- Required work -
Please restate the material below word for word, from the first line through the one that contains "हिंजवडीत शिवजयंतीनिमित्त विद्यार्थ्यांनी", inclusive.

*** Opening of Source material ***

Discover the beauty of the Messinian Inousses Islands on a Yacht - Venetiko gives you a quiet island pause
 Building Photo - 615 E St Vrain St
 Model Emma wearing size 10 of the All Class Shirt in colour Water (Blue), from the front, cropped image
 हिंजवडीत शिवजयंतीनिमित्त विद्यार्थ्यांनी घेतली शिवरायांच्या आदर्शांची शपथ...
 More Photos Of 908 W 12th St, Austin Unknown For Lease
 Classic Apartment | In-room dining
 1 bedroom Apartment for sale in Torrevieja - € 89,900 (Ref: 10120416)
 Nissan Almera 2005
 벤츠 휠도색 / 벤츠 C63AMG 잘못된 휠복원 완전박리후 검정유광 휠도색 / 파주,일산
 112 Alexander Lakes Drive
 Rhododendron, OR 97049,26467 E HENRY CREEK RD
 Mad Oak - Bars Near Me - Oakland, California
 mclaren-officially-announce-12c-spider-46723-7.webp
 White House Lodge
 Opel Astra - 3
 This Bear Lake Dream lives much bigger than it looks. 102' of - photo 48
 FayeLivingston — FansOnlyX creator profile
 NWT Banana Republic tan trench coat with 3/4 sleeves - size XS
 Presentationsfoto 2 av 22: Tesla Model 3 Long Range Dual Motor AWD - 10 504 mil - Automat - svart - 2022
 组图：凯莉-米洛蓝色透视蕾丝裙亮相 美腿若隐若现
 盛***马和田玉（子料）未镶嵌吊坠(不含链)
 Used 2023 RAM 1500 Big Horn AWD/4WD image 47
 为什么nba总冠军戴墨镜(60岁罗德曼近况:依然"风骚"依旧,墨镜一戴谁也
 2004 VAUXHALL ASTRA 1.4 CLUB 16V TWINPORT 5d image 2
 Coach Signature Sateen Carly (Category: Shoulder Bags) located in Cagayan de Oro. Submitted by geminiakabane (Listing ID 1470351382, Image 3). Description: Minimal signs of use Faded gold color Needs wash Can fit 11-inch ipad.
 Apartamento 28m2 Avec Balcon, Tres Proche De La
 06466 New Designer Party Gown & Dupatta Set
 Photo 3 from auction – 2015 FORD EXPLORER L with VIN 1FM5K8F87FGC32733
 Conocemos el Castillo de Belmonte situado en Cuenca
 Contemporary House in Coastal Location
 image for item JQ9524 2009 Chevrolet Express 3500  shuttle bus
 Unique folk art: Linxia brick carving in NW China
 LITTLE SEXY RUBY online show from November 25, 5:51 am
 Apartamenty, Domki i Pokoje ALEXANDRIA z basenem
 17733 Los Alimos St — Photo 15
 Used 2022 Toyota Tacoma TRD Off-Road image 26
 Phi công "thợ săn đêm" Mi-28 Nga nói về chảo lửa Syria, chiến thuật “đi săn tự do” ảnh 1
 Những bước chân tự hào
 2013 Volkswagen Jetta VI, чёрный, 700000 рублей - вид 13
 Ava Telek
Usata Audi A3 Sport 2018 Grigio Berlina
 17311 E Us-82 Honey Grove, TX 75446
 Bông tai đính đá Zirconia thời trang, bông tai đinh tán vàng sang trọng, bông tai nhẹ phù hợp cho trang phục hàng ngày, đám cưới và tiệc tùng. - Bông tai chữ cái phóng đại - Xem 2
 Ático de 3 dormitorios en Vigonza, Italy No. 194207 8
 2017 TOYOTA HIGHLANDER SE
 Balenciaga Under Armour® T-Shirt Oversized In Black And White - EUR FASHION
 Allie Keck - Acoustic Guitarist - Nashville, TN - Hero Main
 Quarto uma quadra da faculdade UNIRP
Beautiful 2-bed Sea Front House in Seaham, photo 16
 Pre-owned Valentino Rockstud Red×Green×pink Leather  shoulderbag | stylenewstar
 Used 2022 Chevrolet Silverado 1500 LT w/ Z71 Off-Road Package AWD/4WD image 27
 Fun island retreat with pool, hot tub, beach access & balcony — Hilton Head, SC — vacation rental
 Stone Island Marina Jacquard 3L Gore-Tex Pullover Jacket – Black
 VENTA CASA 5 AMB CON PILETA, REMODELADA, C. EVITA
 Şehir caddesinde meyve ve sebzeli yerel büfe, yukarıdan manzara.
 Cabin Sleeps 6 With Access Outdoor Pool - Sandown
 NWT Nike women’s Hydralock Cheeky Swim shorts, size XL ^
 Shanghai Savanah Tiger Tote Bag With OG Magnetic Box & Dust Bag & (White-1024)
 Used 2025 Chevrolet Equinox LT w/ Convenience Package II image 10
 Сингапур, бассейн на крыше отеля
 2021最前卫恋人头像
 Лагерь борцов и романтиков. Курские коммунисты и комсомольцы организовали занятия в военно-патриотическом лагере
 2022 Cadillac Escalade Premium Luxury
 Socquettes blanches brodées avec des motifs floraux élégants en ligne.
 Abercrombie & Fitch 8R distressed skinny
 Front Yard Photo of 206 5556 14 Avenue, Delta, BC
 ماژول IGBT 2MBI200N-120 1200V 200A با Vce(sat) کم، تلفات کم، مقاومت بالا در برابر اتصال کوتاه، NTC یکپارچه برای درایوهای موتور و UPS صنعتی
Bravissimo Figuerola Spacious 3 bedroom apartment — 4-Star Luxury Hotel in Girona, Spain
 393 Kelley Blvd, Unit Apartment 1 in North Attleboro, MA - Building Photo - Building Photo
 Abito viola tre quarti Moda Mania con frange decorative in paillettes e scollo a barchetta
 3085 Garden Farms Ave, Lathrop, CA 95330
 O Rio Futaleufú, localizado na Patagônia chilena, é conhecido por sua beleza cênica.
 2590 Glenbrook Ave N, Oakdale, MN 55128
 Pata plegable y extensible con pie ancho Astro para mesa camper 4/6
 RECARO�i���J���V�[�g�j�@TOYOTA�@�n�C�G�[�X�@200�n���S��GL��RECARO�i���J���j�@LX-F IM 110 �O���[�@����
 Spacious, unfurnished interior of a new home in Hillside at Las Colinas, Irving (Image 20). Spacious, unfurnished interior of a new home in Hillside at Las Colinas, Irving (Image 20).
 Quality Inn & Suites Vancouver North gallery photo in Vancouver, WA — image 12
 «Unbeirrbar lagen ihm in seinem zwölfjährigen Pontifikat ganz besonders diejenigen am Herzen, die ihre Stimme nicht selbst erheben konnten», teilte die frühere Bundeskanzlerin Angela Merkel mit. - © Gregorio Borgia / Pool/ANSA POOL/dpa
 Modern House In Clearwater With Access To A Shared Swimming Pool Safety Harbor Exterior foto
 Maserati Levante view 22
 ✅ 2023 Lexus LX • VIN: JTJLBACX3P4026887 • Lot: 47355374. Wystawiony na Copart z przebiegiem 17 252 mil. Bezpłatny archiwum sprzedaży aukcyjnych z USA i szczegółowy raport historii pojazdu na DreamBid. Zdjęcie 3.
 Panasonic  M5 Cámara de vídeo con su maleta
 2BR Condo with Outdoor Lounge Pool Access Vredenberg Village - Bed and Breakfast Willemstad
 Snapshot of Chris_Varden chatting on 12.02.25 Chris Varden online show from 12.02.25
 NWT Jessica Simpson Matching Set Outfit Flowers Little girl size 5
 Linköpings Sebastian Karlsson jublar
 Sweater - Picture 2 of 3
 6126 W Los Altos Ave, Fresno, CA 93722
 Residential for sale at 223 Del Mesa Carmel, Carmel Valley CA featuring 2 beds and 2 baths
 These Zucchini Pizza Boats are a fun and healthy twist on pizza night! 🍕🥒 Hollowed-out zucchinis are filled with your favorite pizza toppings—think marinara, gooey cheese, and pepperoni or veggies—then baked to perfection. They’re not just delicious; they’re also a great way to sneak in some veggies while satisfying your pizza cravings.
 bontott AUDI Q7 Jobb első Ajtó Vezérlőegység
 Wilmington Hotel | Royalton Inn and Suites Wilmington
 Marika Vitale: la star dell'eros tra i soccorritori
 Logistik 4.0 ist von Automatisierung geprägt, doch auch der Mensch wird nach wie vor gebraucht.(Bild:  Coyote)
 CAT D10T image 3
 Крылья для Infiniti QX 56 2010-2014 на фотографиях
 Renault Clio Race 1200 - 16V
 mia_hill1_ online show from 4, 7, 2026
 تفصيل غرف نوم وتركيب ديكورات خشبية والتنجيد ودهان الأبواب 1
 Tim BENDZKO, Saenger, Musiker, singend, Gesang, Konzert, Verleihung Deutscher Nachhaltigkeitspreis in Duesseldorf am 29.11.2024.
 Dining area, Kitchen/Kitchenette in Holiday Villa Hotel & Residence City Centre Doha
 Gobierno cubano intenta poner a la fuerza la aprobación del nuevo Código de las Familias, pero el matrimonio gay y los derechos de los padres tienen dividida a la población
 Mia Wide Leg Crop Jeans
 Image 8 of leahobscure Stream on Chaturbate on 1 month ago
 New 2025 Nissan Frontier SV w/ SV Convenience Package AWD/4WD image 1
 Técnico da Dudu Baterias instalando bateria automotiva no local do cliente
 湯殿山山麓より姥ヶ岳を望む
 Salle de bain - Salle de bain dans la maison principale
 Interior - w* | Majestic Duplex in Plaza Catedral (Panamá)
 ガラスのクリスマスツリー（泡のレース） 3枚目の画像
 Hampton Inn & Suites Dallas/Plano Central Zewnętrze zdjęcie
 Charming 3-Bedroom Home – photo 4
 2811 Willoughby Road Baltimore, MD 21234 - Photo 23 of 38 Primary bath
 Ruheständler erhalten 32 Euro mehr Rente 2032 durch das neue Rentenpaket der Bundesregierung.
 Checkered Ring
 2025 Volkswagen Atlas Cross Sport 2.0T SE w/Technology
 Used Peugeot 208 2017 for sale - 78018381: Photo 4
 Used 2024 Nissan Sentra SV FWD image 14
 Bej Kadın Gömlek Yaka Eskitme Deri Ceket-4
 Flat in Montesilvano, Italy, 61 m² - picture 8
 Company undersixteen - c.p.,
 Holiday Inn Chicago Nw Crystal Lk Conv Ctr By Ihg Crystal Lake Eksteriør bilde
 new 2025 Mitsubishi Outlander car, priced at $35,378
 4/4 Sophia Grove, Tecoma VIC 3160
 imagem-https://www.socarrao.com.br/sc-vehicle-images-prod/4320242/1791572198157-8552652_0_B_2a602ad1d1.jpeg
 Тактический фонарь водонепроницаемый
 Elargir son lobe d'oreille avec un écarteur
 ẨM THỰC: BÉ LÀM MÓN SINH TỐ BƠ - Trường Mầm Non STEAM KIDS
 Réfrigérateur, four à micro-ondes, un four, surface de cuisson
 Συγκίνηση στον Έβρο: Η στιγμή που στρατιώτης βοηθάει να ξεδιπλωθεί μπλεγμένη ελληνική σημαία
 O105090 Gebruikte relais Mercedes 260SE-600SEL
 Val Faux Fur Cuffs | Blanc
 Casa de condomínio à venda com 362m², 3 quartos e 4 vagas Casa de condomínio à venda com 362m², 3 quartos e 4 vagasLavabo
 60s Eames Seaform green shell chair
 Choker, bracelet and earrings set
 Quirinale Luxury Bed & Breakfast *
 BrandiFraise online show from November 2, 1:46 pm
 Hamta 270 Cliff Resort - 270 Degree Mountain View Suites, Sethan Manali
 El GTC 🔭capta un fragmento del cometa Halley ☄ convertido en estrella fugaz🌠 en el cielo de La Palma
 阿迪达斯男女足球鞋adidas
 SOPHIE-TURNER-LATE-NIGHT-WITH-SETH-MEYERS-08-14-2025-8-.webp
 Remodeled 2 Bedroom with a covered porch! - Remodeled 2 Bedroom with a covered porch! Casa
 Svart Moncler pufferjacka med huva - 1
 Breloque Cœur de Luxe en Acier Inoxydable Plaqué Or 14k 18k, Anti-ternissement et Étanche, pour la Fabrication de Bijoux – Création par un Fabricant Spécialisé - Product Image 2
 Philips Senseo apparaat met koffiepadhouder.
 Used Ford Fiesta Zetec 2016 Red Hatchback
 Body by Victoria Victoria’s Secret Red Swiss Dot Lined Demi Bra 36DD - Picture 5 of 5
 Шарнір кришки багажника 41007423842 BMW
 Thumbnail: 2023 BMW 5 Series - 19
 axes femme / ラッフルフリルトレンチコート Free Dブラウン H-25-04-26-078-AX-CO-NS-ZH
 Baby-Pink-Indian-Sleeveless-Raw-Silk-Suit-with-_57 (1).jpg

*** Close of Source material ***

- Task output -
Discover the beauty of the Messinian Inousses Islands on a Yacht - Venetiko gives you a quiet island pause
 Building Photo - 615 E St Vrain St
 Model Emma wearing size 10 of the All Class Shirt in colour Water (Blue), from the front, cropped image
 हिंजवडीत शिवजयंतीनिमित्त विद्यार्थ्यांनी घेतली शिवरायांच्या आदर्शांची शपथ...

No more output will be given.